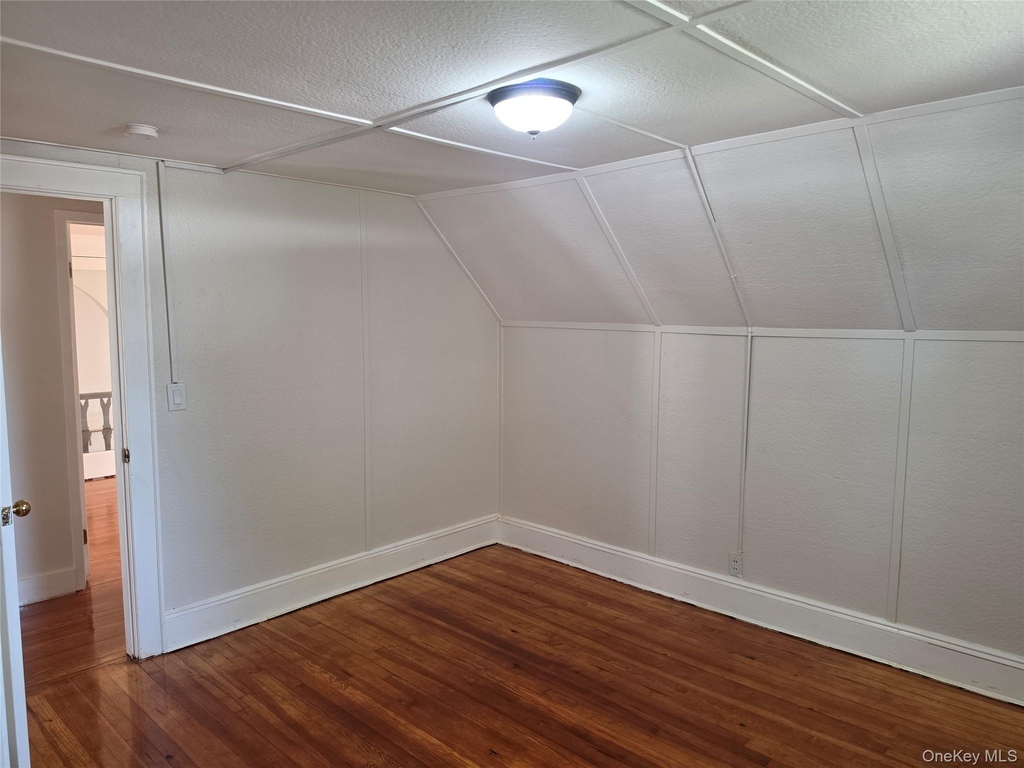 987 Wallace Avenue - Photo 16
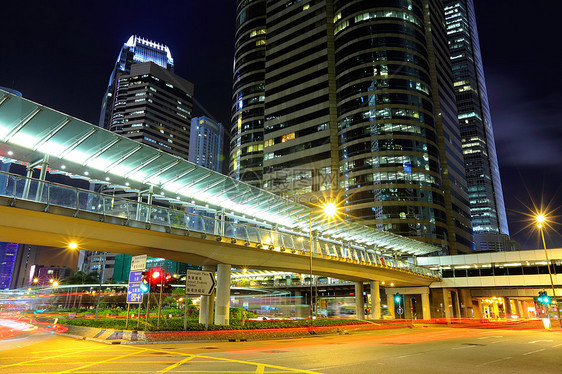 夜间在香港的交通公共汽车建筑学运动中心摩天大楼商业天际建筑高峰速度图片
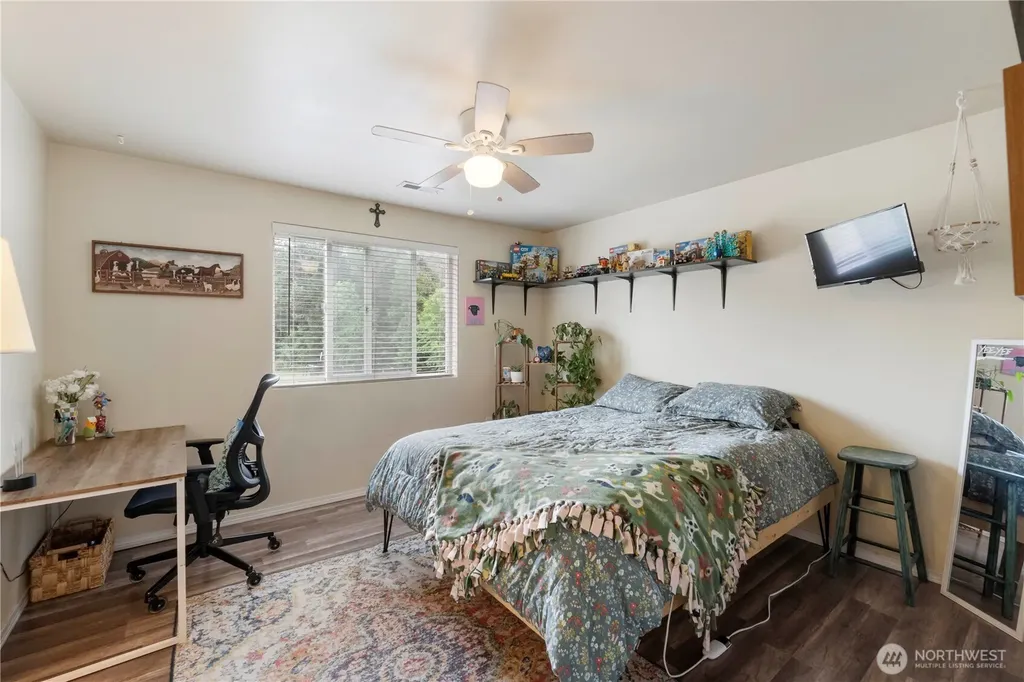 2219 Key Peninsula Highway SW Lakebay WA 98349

### WHAT YOU HAVE TO DO
Every line of the listing above is to be retyped exactly, but the pictures are to be dropped.

### WORKED SOLUTION
 987 Wallace Avenue - Photo 16
 夜间在香港的交通公共汽车建筑学运动中心摩天大楼商业天际建筑高峰速度图片
 2219 Key Peninsula Highway SW Lakebay WA 98349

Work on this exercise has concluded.